Operating leverage is the degree of percentage change in operating income for each percentage change in sales, this system can know which is the level of use we give to our fixed costs (machinery and equipment)
Terminology
:
Net Sales VN = VN = P x Q
P = price
Q = Quantity of goods or services produced
Total Cost TC = CT = CF + CV
CF = Fixed Cost
VC = Variable Cost
V = unit variable cost = VC / Q we have:
Case 1
P = $ 20
Q = 2000 TR = $ 2,000 x 20 = $ 40,000
CF = 1000 hp = 20000 CT = 1000 (CF) +20000 (CV) = $ 21,000
Then: IT (total income) = 40,000
(Less) Ct (Cost of sales) = 21,000 (CF + CV)
Operating income = 19.000
GAO (degree of operating leverage) = Q (PV) / Q (PV) – CF
V = CV / QV = 20000/2000) then V = 10
Replacing we have:
GAO (degree of operating leverage) = Q (PV) / Q (PV) – CF
GAO = 2000 (20 – 10) / 2000 (20 to 10) – 1000
GAO = 1.05
The above means that every time we increase our income (Product of an increase in our production) at a rate of l% operating income was affected in the same proportion, this does not give us anything important because we are using all the installed capacity of the company as growth in our production does not generate new profits above those already established, unless the company makes further investment in machinery and equipment to replace part of its fixed cost variable cost. This improved technology will also negotiate with suppliers taking advantage of the offers to improve our machinery and technology for our company as cheaply as possible, understanding that the lowest price negotiation means finding better technology for our business without neglecting the quality of what we buy.
Case 2
P = $ 20
Q = 2.000 TR = $ 2,000 x 20 = $ 40,000
CV = CF = 15.000 20.000 20,.000 CT = (CV) + 15.000 (CF) = $ 35,000
Then: IT (total income) = 40,000
(Less) CT (Cost of sales) = 35.000
Operating income = 5,000
We see that our operating income in this case is extremely low and that the total costs of sale (35000) 87.5% of total sales (35,000 / 40,000), is very high as previously estimated for companies is between 35 to 40 %, we are using little of our productive capacity.

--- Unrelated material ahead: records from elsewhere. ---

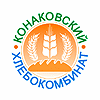 Филиал  ОАО «Тверьхлебпром » Конаковский хлебокомбинат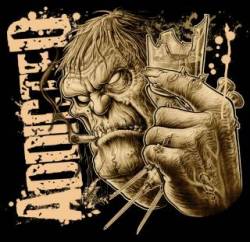 Addicted (FRA) : Drinkers from Hell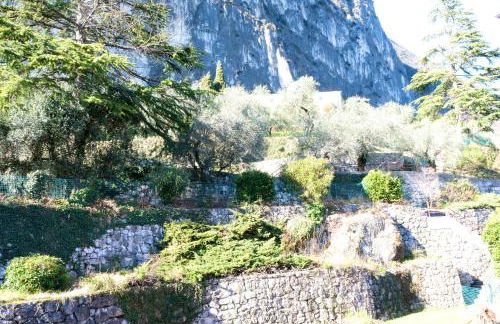 Casa Segantini - Panorama Pool Apartment - Photo 21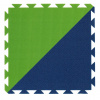 Podložka na cvičenie YATE 0 cm x 43 cm viacfarebná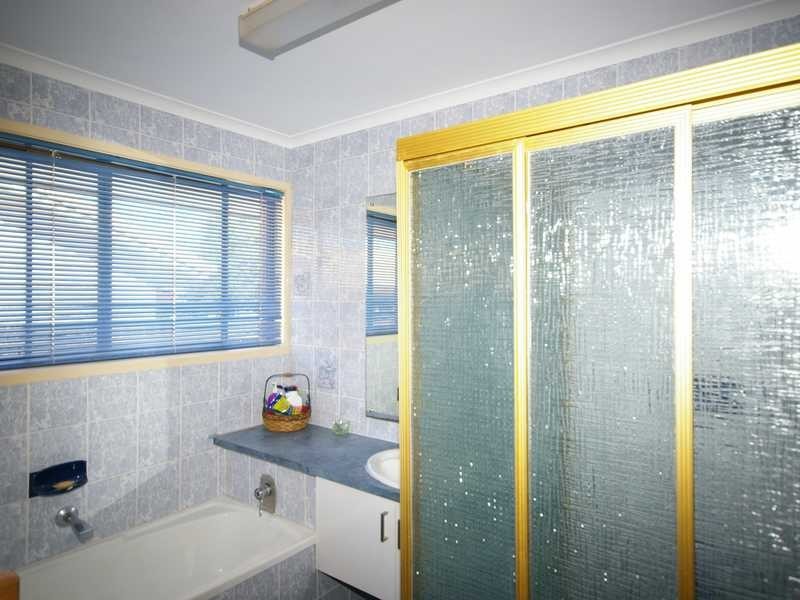 3 Carl Court, Banksia Beach QLD 4507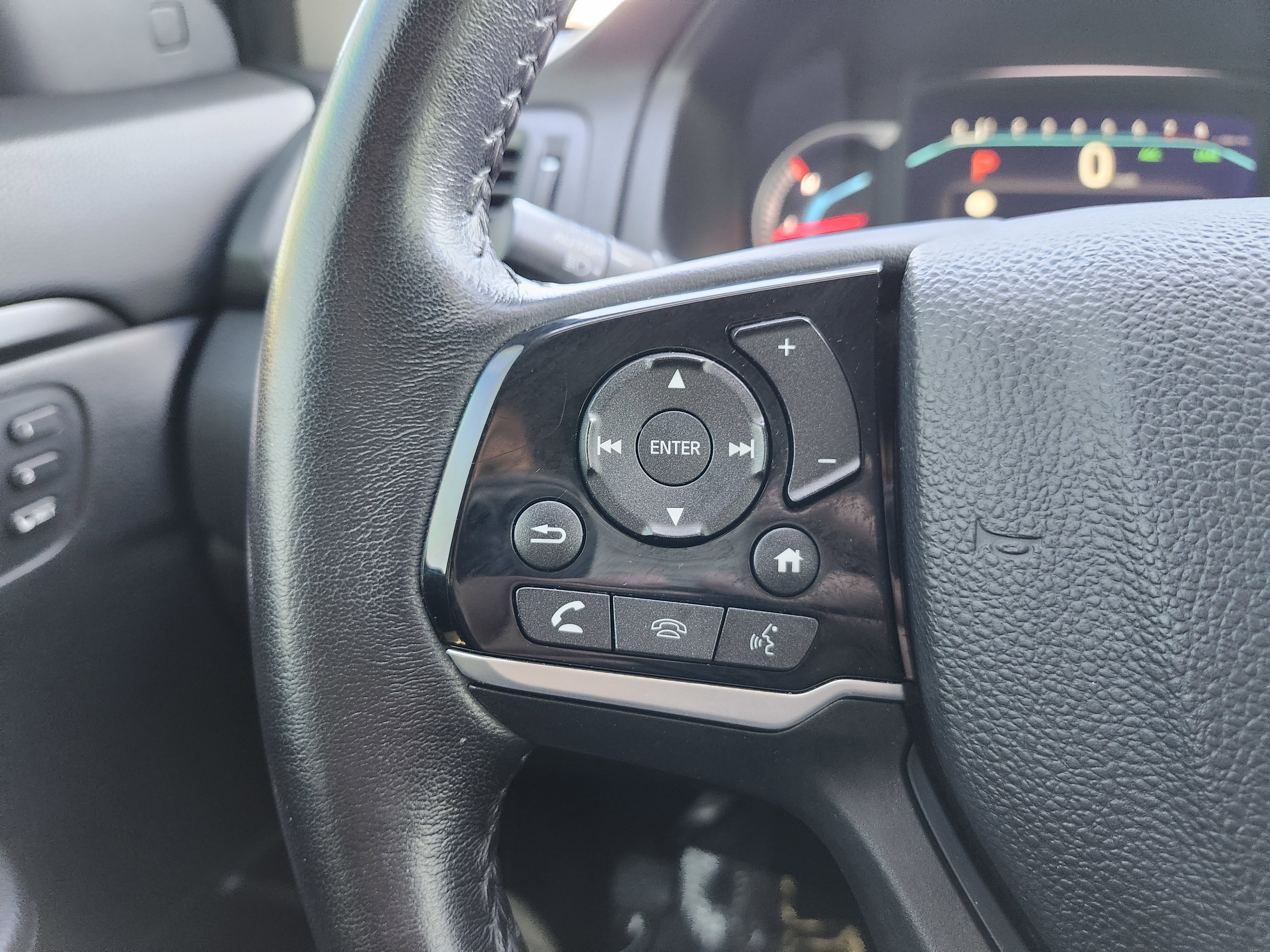 Used 2021 Honda Pilot Special Edition image 40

GAO (degree of operating leverage) = Q (PV) / Q (PV) – CF
V = CV / QV = 20000/2000) then V = 10
Replacing we have:
GAO = 2.000 (20 – 10) / 2,000 (20 – 10) – 15,000
DOL = 20,000 / 5,000
GAO = 4
With a 4 GAO income we have that if 1% increase in the operating income increased 4%, in other words we will have a more useful product for a better use of our machinery and equipment, therefore the company increased its production which will most useful.